### Given data
'''

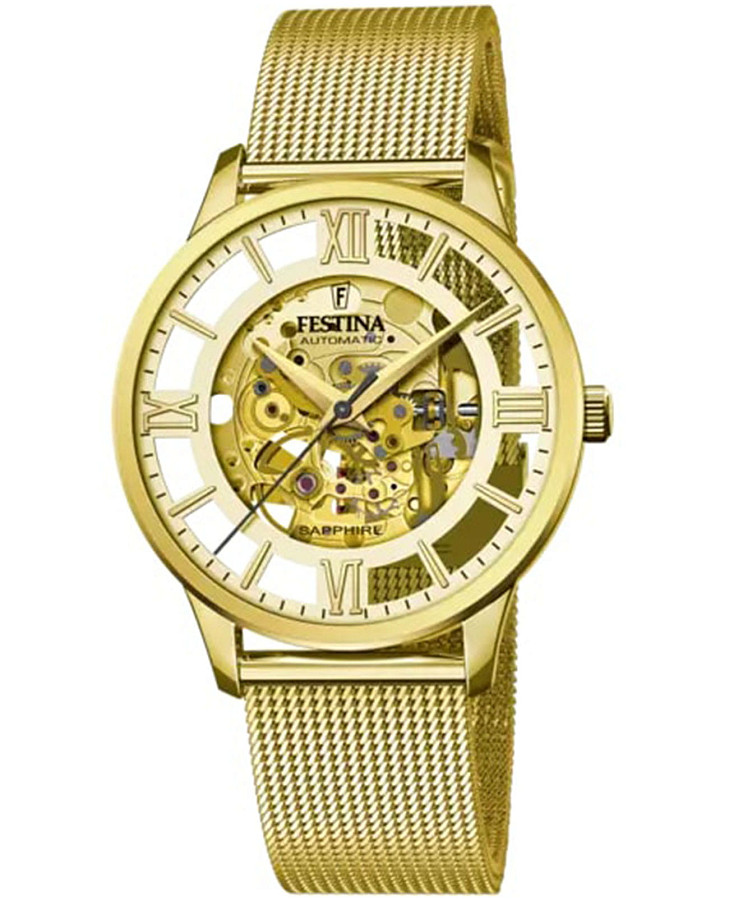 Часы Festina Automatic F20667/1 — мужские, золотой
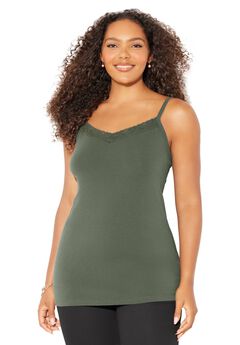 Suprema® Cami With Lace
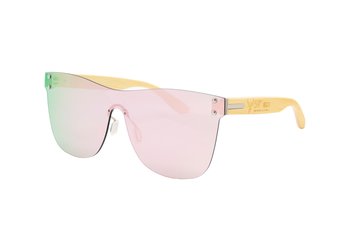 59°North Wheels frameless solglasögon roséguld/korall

'''
'''

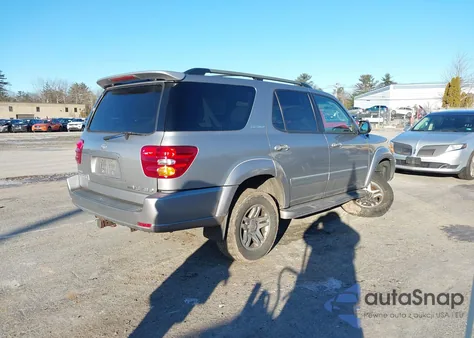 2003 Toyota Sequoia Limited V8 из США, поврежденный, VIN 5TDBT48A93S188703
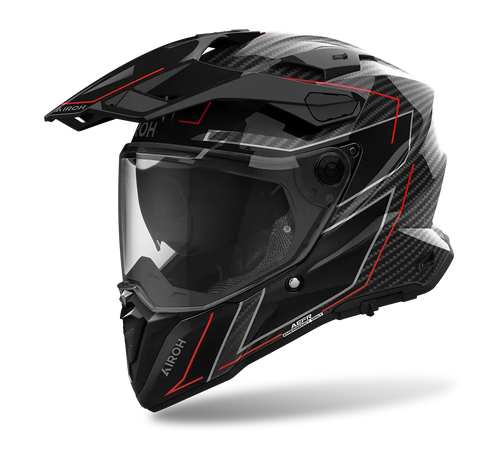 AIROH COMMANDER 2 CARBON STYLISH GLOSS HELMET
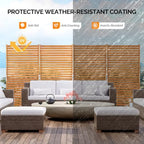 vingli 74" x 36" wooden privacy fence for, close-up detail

'''

### Instructions for the task
Although the records above contain pictures, the copy must not; set down exactly the lines from the one with "Часы Festina Automatic" up to and including the one with "59°North Wheels frameless".

### Solved problem
 Часы Festina Automatic F20667/1 — мужские, золотой
 Suprema® Cami With Lace
 59°North Wheels frameless solglasögon roséguld/korall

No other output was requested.